The Philippine Coast Guard commissions the first ever all-women unit.By Liz Lagniton, Philippine correspondent, Maritime Fairtrade
Banking on women’s seemingly innate ability to ease tensions in the male-dominated seafaring world, the Philippine Coast Guard (PCG) has created an all-female unit to help ensure safety in the country’s maritime territory.
Commodore Armando Balilo, the PCG spokesperson, said the new unit will initially consist of 81 specially-trained radio operators who are now being called “Angels of the Sea.”
“It all started with our experience in the southern Philippines,” Balilo said in an interview with Maritime Fairtrade, referring to the height of piracy in the Sulu and Celebes Seas at the borders of the Philippines, Malaysia, and Indonesia.
“We noticed that when females were the ones operating radio transmissions, it seemed to reduce the tension,” Balilo added.
“Back then, we noticed that voices get pretty loud when men operated radios, but when women were the ones to communicate, the nervousness seemed to disappear. There was an environment of calmness, and that’s what we’re promoting,” Balilo said.
“When heard, there is a calming effect,” he said. “Like an assurance that everything will be okay. It’s like assuring mariners we’re just here to protect you.”
So, Rear Admiral Ronnie Gil Gavan came up with the idea of assigning women to send radio messages to mariners when he became head of the PCG weapons and communications command in April last year, Balilo added.
Women coast guards rise to the occasion
Recently, the first 81 “Angels of the Sea” completed their training and were later assigned to PCG vessels in hotspots in the West Philippine Sea (WPS), the country’s eastern coastal waters adjacent to the South China Sea.
“In the West Philippine Sea, we do not want any (further) tension because of the many ship-to-ship operations taking place there,” Balilo added.
Meanwhile, PCG Vice Admiral Leopoldo Laroya said: “We want our Angels of the Sea to become the voice of peaceful and rules-based order at sea especially in our country’s sensitive maritime frontiers.
“Having good communication skill boosts one’s self-esteem and confidence.
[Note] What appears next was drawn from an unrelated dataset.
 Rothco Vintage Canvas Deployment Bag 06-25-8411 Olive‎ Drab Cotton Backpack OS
It promotes understanding and is essential in having a successful career. We want all women in the coast guard service to be able to develop their sense of self-worth which will give them their right to influence social change. We hope this course served its purpose of minimizing gender discrimination and highlighting the important role of women in public service.”
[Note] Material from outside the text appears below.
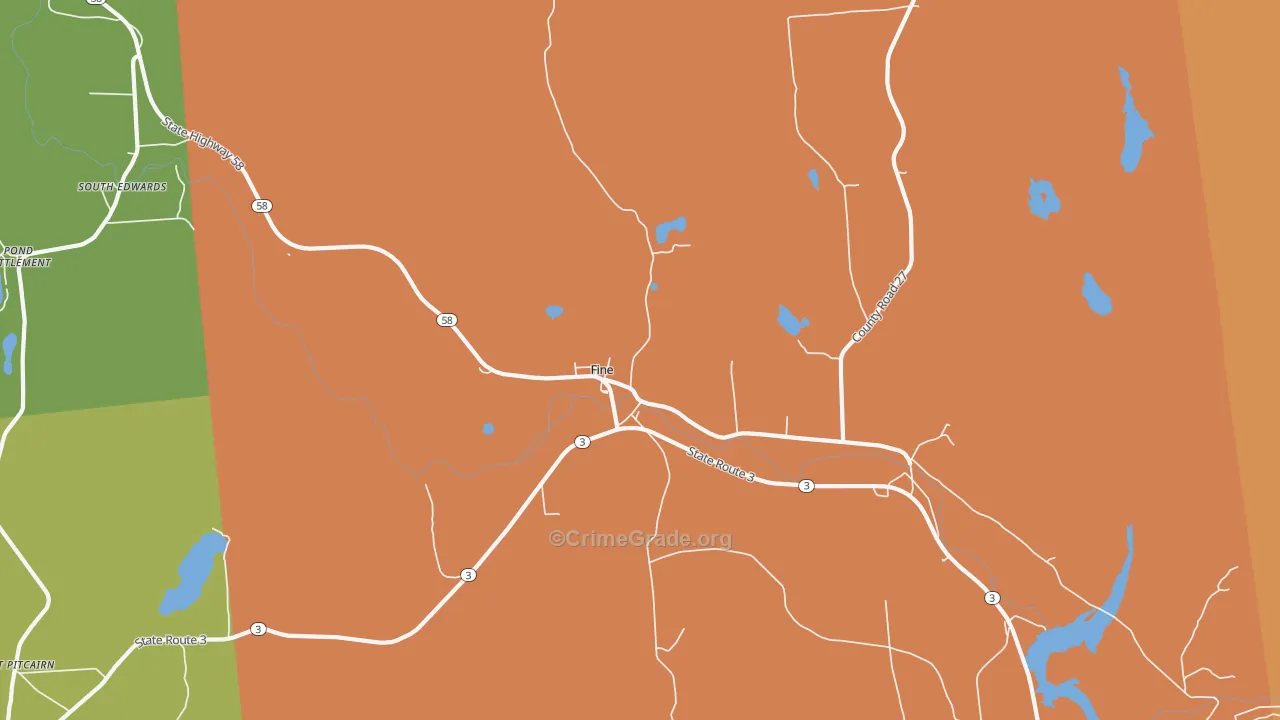 Fine, NY Map of Murder Rates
Taking a firm stand against Chinese ships
On April 27, a female operator on a PCG ship near the Sabina Shoal endeavored to shoo away Chinese ships in Philippine’s territorial water through a series of radio challenges.
“Unidentified foreign vessel at Sabina Shoal, this is Philippine Coast Guard, you are within the Philippine exclusive economic zone,” said lawyer and PCG Probationary Ensign Gretch Mary Acuario whose voice was smooth but with a commanding tone.
“You are requested to provide the following: name of the vessel, intention, last, and next port of call,” said Acuario who during that time was the only female on duty onboard the Philippine patrol boat BRP Cabra.
Acuario, who was ordered by her commanding officer to conduct the radio challenge, drove away the Chinese vessels in Sabina Shoal, roughly 73 miles from Mapankal Point in Rizal, Palawan in April this year.
Instead of replying by issuing a counter-challenge, which was typical of Chinese vessels straying in the WPS, the ships left the area.
Acuario is just one of the many female members of the PCG protecting the WPS and she has already earned the praise of many Filipinos.
The PCG promotes gender equality
According to Balilo, there are about six ships currently patrolling the WPS, and each of them has two women on board, except the one ship of the Bureau of Fisheries and Aquatic Resources, which also patrols there. “So, there are about 10 women [deployed] there,” he said.
The new unit is part of the PCG’s effort to empower women, reduce gender discrimination, and promote gender equality.
But some feminist groups have criticized this PCG’s move saying that instead of empowering them, the program stereotypes the women’s roles.
“We are open to criticism. In fact, we appreciate their point. But we don’t see anything wrong with what we do. In fact, now we are promoting gender equality in the deployment of women in the sea,” Balilo said.
The commodore maintained that Angels of the Sea is one of the initiatives of the command in providing equal opportunities to all members of the uniformed service so they can play their niche roles in securing the nation together as one at sea.
He added that the new women unit is likely to have a second phase of their training, where they will also learn different languages such as Chinese and Vietnamese. “The PCG ships already have probations for women, and we are actually increasing the number of women on the ship to give equal opportunity too.”